Student pharmacists advocate on behalf of profession at annual legislative day

This March, more than 200 student pharmacists traveled to the Ohio Statehouse for the Ohio Pharmacists Association’s (OPA) Student Legislative Day. A number of pharmacy students from The Ohio State University attended to advocate for their profession.

Student Legislative Day is an event that allows student pharmacists to open a dialogue with lawmakers and educate them about the value of pharmacists in the world of health care.

Students had the chance to individually visit the offices of legislators to advocate for issues that were important to their profession. This year’s advocacy topics included pricing transparency, improving access for patients to epinephrine and provider status for pharmacists.

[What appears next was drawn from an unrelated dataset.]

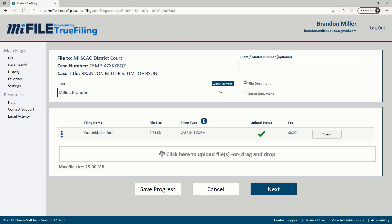In the top pane, you'll see the relevant case information. The filer field is the person you are filing on behalf of. This can be you or it can be one of your connections in MyFile.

“Advocating for yourself, your profession and our public is important. It may seem intimidating at first, but when you realize you are there to try to push the greater good, then it becomes an agenda that you can truly speak to,” said Logan Hunter, Class of 2019 PharmD student. “Putting yourself out there as an advocate helps build yourself personally and professionally and this event truly sets you up for success.”